**Aim of the task**
Stop after the line with "Casual Striped Short"; until then, please copy every line of the records word for word from the first.

**Records supplied**
____________________

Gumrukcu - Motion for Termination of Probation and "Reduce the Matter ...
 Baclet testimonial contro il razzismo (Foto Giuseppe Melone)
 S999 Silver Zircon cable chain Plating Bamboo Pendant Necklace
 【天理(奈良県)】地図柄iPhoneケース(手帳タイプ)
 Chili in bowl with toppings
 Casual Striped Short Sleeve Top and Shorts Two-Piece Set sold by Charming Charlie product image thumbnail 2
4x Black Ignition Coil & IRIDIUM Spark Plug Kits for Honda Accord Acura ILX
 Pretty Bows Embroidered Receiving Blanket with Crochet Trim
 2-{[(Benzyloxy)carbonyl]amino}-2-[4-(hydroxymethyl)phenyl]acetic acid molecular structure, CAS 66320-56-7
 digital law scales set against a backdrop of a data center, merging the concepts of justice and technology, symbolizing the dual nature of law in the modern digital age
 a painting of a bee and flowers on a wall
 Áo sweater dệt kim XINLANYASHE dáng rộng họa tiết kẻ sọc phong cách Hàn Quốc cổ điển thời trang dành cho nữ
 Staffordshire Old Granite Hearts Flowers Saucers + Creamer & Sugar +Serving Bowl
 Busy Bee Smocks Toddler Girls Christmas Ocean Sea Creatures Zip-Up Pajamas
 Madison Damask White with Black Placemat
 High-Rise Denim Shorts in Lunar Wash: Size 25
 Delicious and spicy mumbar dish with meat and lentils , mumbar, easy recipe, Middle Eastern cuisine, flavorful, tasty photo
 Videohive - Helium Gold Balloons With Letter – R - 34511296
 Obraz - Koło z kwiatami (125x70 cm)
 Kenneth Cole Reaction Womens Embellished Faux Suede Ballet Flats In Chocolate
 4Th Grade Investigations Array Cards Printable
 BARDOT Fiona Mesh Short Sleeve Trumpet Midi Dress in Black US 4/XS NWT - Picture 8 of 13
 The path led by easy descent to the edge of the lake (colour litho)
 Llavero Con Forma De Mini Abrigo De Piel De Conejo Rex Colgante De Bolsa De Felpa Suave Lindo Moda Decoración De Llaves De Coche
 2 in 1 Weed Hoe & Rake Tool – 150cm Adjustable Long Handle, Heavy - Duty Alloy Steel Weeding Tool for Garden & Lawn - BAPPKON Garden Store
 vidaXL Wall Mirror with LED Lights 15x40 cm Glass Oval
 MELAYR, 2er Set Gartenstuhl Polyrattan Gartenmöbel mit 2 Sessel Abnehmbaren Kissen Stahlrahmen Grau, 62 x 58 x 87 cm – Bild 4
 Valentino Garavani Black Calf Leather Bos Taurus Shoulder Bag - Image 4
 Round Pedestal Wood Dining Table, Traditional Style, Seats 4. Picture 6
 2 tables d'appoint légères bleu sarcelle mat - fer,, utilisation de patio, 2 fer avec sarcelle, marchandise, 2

____________________

**Exercise answer**
Gumrukcu - Motion for Termination of Probation and "Reduce the Matter ...
 Baclet testimonial contro il razzismo (Foto Giuseppe Melone)
 S999 Silver Zircon cable chain Plating Bamboo Pendant Necklace
 【天理(奈良県)】地図柄iPhoneケース(手帳タイプ)
 Chili in bowl with toppings
 Casual Striped Short Sleeve Top and Shorts Two-Piece Set sold by Charming Charlie product image thumbnail 2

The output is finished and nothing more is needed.